**What the task asks:** From the records below, set down exactly the lines starting with the line that contains "Halloween Artificial Tree" and going on through the line that contains "100 Quality A4". Nothing else is wanted.

**Source material:**
- - -

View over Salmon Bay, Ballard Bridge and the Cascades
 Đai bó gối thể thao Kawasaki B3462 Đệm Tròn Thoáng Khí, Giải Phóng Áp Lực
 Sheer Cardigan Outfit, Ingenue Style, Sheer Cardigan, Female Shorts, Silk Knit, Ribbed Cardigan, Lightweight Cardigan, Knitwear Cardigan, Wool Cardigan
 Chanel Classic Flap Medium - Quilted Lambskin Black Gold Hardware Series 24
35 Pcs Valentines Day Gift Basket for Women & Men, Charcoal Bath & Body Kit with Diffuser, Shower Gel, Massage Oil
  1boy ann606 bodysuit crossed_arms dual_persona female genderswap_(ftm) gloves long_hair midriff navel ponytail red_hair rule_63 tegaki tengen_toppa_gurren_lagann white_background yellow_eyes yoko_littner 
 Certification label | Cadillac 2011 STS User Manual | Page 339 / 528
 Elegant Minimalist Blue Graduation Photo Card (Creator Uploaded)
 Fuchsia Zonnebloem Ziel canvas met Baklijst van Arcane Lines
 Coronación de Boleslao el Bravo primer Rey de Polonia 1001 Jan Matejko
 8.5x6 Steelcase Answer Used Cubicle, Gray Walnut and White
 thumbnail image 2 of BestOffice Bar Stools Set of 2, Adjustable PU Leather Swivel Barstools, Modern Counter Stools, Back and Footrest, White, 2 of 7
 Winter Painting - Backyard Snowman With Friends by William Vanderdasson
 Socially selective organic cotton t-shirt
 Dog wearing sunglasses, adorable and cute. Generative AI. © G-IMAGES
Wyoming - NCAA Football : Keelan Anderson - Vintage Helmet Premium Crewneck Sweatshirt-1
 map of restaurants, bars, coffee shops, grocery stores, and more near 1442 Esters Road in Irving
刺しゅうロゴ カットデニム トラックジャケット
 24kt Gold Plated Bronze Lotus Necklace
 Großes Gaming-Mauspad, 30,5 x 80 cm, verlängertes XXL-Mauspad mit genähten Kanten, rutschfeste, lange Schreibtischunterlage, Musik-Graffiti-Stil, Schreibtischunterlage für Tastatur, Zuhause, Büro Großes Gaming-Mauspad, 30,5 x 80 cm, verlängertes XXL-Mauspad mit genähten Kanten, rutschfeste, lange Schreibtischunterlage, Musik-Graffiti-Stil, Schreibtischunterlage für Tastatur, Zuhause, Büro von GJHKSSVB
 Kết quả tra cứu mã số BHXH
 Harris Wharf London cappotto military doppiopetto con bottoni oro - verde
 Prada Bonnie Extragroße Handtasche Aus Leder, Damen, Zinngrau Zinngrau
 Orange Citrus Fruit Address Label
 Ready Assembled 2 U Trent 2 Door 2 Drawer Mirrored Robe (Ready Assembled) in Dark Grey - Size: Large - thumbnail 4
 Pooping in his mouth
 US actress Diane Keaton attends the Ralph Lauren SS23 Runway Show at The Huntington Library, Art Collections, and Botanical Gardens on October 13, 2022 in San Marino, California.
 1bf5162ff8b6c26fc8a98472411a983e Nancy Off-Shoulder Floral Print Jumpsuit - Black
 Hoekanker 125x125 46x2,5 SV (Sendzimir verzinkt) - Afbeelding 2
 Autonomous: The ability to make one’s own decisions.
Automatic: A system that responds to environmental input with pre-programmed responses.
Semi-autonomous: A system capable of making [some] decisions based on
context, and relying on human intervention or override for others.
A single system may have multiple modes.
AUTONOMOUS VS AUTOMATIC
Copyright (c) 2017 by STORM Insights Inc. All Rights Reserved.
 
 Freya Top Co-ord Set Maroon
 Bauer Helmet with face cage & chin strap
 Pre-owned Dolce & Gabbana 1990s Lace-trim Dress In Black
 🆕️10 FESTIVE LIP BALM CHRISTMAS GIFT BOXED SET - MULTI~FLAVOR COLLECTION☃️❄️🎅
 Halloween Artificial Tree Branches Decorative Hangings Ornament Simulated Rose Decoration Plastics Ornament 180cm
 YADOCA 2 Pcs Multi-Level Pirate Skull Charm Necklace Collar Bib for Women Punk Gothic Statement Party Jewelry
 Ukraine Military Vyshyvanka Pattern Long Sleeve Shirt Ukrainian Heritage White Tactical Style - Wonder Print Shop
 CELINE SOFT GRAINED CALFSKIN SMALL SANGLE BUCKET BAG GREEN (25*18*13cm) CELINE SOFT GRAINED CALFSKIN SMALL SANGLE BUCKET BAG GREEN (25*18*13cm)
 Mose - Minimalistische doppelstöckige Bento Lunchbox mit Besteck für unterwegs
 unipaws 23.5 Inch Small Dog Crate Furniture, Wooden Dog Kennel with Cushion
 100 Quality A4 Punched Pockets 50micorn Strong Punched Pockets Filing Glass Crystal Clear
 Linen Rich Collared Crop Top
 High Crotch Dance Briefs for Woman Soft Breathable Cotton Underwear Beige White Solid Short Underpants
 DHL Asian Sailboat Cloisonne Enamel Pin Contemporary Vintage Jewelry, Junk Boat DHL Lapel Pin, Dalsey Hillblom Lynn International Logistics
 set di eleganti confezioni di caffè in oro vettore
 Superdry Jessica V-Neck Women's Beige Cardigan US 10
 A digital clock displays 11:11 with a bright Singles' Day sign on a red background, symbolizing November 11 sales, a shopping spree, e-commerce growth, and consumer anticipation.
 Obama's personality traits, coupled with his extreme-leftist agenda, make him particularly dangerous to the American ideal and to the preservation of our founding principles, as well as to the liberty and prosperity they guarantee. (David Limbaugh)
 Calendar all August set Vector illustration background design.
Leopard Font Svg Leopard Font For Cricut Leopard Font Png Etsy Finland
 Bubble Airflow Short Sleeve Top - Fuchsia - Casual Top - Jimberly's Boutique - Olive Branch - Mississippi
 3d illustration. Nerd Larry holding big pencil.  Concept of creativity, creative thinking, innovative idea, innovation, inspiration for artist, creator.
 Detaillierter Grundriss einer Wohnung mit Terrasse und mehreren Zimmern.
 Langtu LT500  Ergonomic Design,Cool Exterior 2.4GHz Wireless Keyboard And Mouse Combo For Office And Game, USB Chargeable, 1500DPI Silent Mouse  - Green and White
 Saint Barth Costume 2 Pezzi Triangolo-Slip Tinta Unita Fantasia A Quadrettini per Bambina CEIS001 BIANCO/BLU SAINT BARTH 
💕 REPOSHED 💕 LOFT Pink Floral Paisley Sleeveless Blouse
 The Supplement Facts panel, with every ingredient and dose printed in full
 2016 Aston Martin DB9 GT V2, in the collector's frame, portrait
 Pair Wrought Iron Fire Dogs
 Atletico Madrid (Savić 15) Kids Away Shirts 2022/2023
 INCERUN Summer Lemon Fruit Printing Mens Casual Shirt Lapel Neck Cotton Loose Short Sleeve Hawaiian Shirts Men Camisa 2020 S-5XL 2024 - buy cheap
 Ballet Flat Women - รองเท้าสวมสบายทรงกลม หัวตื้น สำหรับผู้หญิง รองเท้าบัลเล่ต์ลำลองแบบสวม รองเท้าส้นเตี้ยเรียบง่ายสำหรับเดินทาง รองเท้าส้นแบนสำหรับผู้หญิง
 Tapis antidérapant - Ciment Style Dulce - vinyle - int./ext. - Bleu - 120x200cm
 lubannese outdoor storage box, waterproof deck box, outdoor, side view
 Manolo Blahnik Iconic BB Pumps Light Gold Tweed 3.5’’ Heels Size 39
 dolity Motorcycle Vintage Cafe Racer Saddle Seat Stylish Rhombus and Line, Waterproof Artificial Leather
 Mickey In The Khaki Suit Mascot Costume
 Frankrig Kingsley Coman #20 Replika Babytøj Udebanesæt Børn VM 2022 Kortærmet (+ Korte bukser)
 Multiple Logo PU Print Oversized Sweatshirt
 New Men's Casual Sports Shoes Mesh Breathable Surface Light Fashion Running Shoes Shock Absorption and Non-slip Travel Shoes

- - -

**Finished exercise:**
 Halloween Artificial Tree Branches Decorative Hangings Ornament Simulated Rose Decoration Plastics Ornament 180cm
 YADOCA 2 Pcs Multi-Level Pirate Skull Charm Necklace Collar Bib for Women Punk Gothic Statement Party Jewelry
 Ukraine Military Vyshyvanka Pattern Long Sleeve Shirt Ukrainian Heritage White Tactical Style - Wonder Print Shop
 CELINE SOFT GRAINED CALFSKIN SMALL SANGLE BUCKET BAG GREEN (25*18*13cm) CELINE SOFT GRAINED CALFSKIN SMALL SANGLE BUCKET BAG GREEN (25*18*13cm)
 Mose - Minimalistische doppelstöckige Bento Lunchbox mit Besteck für unterwegs
 unipaws 23.5 Inch Small Dog Crate Furniture, Wooden Dog Kennel with Cushion
 100 Quality A4 Punched Pockets 50micorn Strong Punched Pockets Filing Glass Crystal Clear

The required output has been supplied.